#### [Work order]
Copy out exactly, from the entries that follow, the line holding "コルセア(メモリ) [CMH64GX5M2B6000C40] DDR5", the line holding "X,Y轴数控操作台设计模型前视图", and all lines between them, but no pictures.

*** Opening of Supplied data ***

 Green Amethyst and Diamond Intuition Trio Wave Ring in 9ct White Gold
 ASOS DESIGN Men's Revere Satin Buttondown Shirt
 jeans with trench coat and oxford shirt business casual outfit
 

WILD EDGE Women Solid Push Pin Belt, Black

*** Close of Supplied data ***
*** Opening of Supplied data ***

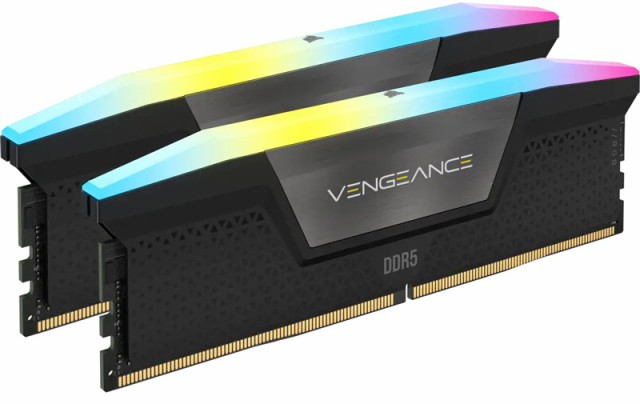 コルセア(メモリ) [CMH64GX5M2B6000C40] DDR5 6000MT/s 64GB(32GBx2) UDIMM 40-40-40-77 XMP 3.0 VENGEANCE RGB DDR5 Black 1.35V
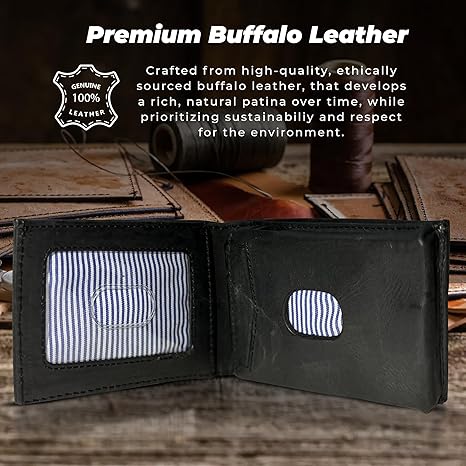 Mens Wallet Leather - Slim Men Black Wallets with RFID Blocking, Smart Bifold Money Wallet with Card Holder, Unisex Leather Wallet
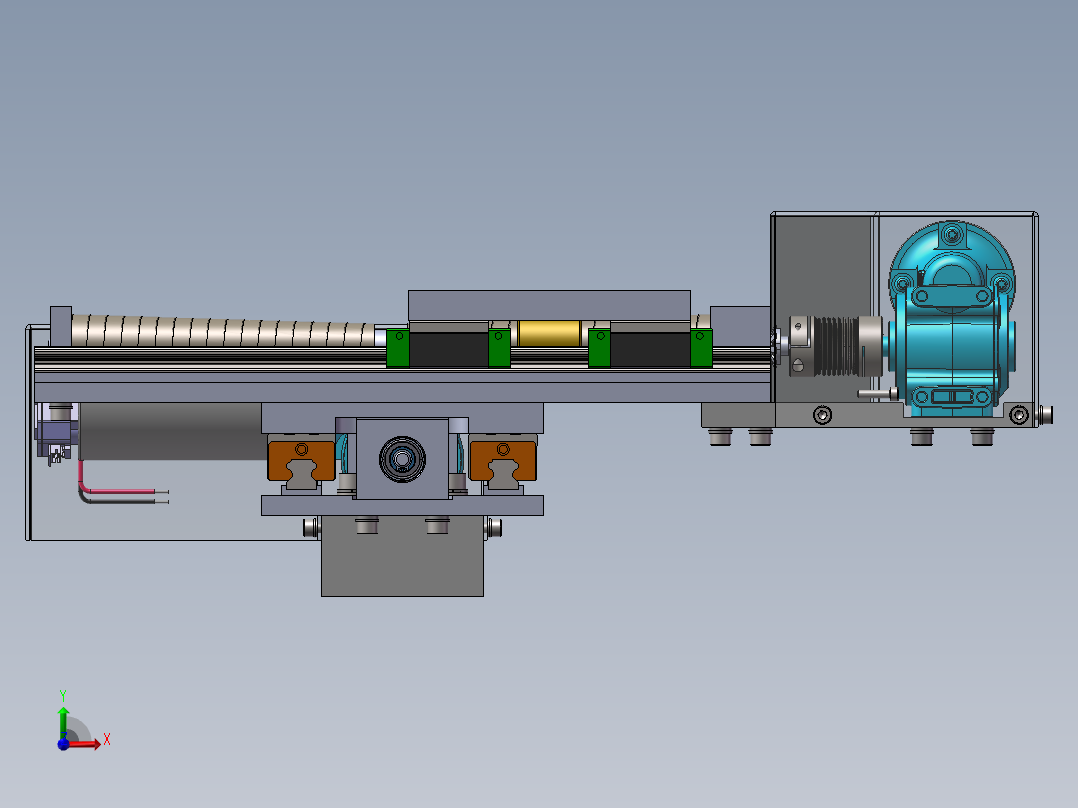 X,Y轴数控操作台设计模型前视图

*** Close of Supplied data ***

#### [Solution]
 コルセア(メモリ) [CMH64GX5M2B6000C40] DDR5 6000MT/s 64GB(32GBx2) UDIMM 40-40-40-77 XMP 3.0 VENGEANCE RGB DDR5 Black 1.35V
 Mens Wallet Leather - Slim Men Black Wallets with RFID Blocking, Smart Bifold Money Wallet with Card Holder, Unisex Leather Wallet
 X,Y轴数控操作台设计模型前视图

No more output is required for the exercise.